=== Section Start ===
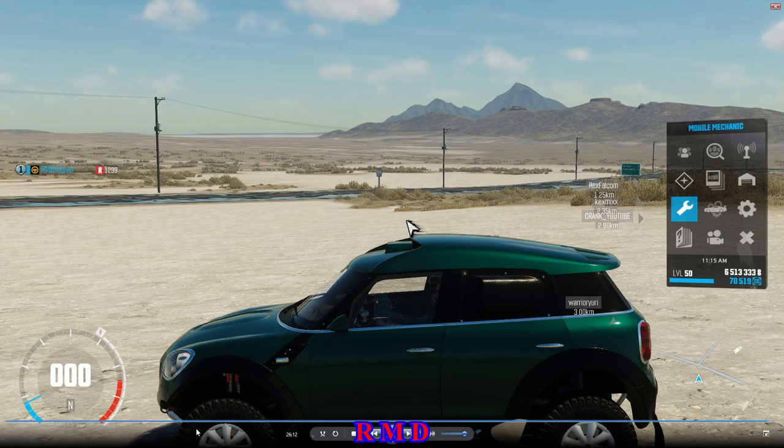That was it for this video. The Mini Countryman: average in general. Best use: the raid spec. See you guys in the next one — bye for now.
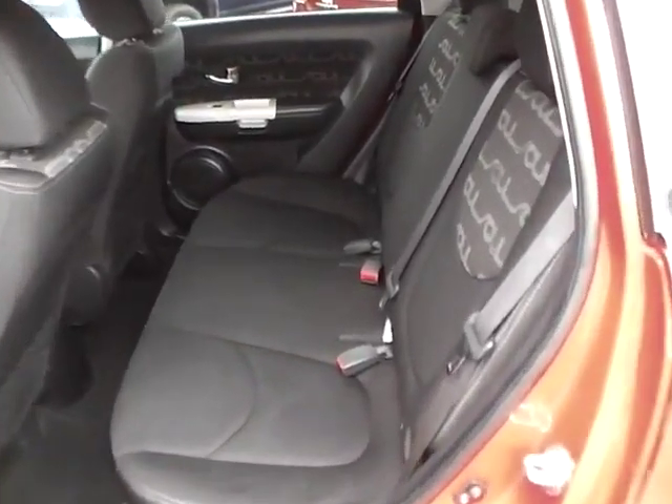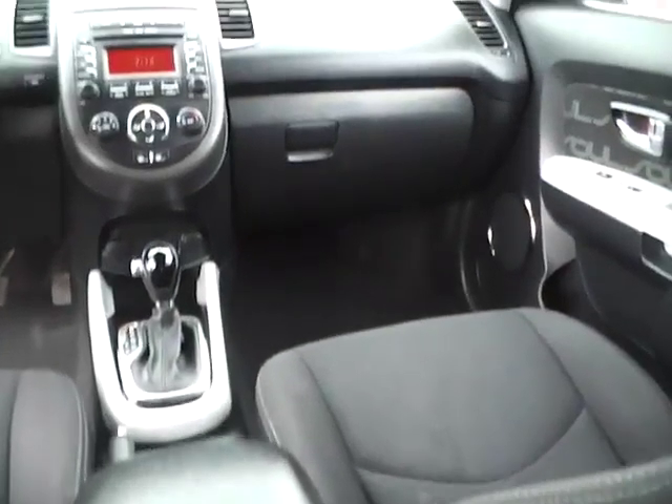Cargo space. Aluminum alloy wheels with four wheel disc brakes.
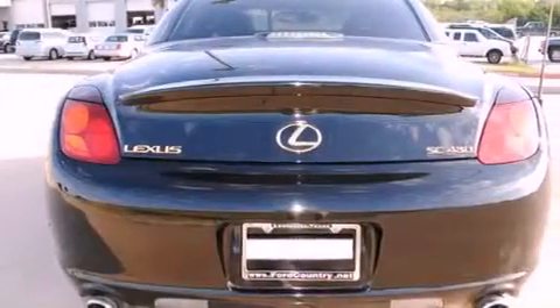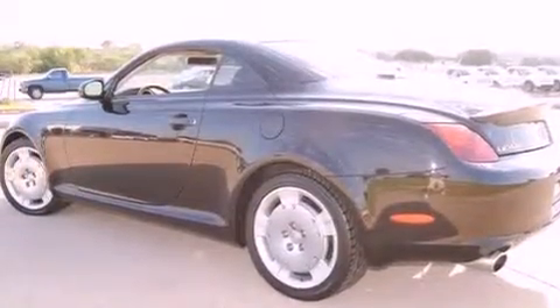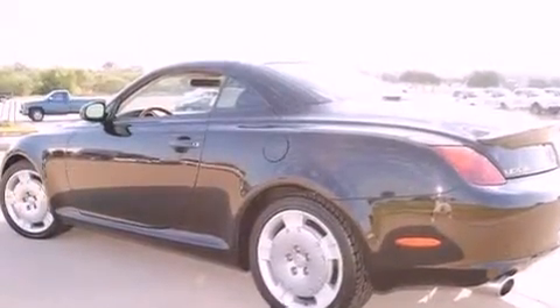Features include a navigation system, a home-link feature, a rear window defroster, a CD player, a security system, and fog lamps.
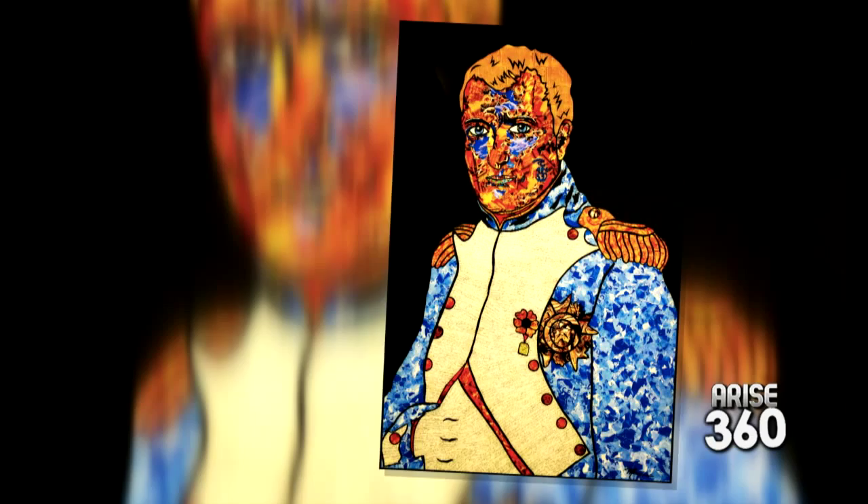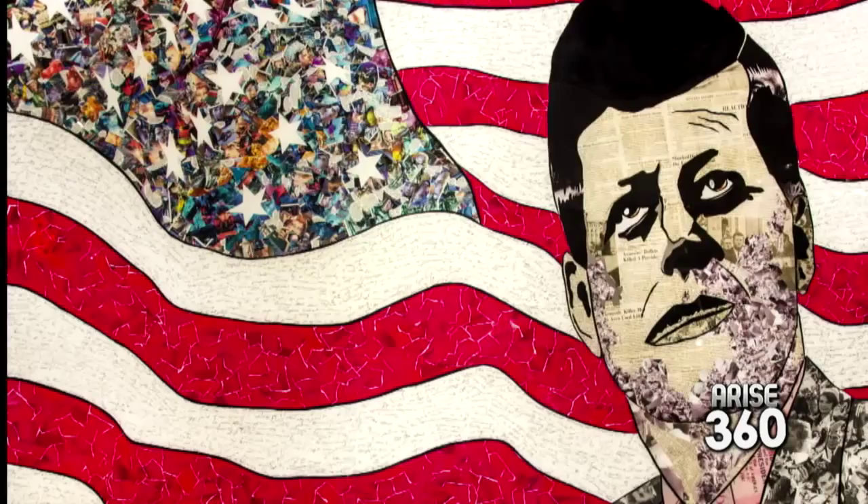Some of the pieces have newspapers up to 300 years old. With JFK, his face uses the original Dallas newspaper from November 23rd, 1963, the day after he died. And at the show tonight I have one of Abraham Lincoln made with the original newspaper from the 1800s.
=== Section End ===
* Your goal:
Copy nothing but the lines from the line that contains "Cargo space. Aluminum" through the end of the listing, exactly, and keep pictures out of it.

* Problem solution:
Cargo space. Aluminum alloy wheels with four wheel disc brakes.
Features include a navigation system, a home-link feature, a rear window defroster, a CD player, a security system, and fog lamps.
Some of the pieces have newspapers up to 300 years old. With JFK, his face uses the original Dallas newspaper from November 23rd, 1963, the day after he died. And at the show tonight I have one of Abraham Lincoln made with the original newspaper from the 1800s.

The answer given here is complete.